De werknemer nam voorts stelling dat de werkgever had moeten differentiëren naar functie en dat hij, als chauffeur, uitgezonderd had moeten worden van de mondkapjesplicht. Daar maakt de rechter korte metten mee. De werkgever heeft er belang bij om één lijn te trekken binnen het bedrijf; de werknemer maakt deel uit van een werkgemeenschap en mag niet volledig zijn eigen plan trekken. De rechter kent waarde toe aan het feit dat de werknemer zijn mondkapje alleen inpandig hoeft te dragen en dus niet tijdens het transport. De inbreuk op de persoonlijke levenssfeer van deze werknemer door de instructie van de werkgever is dus zeer beperkt (en beperkter dan voor andere werknemers van de werkgever).

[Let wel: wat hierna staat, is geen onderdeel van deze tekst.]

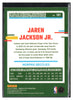 2023-24 Donruss Optic #181 Jaren Jackson Jr.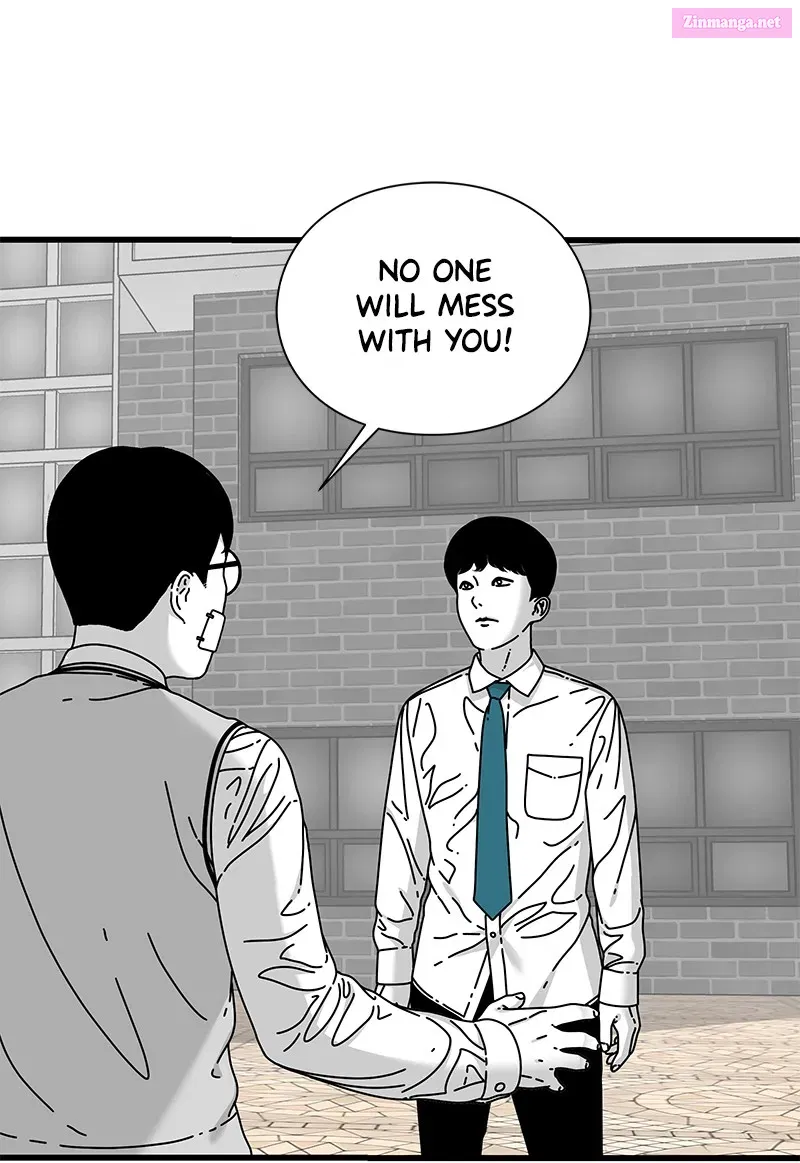 Eyes Chapter 15 page 82 - MangaKakalot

De rechter wijst de vorderingen van de werknemer in kort geding af.
Belang voor de praktijk
De rechter komt met zijn uitspraak tegemoet aan een vraag die bij veel werkgevers speelt: kan een werkgever zijn werknemers verplichten om een mondkapje te dragen op de werkvloer? De voorzieningenrechter Utrecht vindt van wel. Deze uitspraak biedt een handvat voor werkgevers die met een beroep op het instructierecht een mondkapjesplicht willen invoeren. Wij merken wel op dat – bij een beroep van de werknemer op de persoonlijke levenssfeer – de rechter telkens een belangenafweging moet en zal maken. Persoonlijke omstandigheden aan de zijde van de werknemer en / of omstandigheden bij de werkgever kunnen ertoe leiden dat een mondkapjesplicht niet gerechtvaardigd is.
Afsluiting
De rechter heeft zich voor het eerst uitgelaten over de arbeidsrechtelijke gevolgen van een door de werkgever ingevoerde mondkapjesplicht. Wij benadrukken dat het een voorlopig oordeel betreft. Gelet op het ontbindingsverzoek van de werkgever zal de rechtbank zich waarschijnlijk nogmaals over de zaak buigen om te kijken of het feitencomplex een ontslag van de werknemer rechtvaardigt. Die vraag is met deze uitspraak dus nog niet definitief beantwoord. Wij volgen deze rechtspraak op de voet.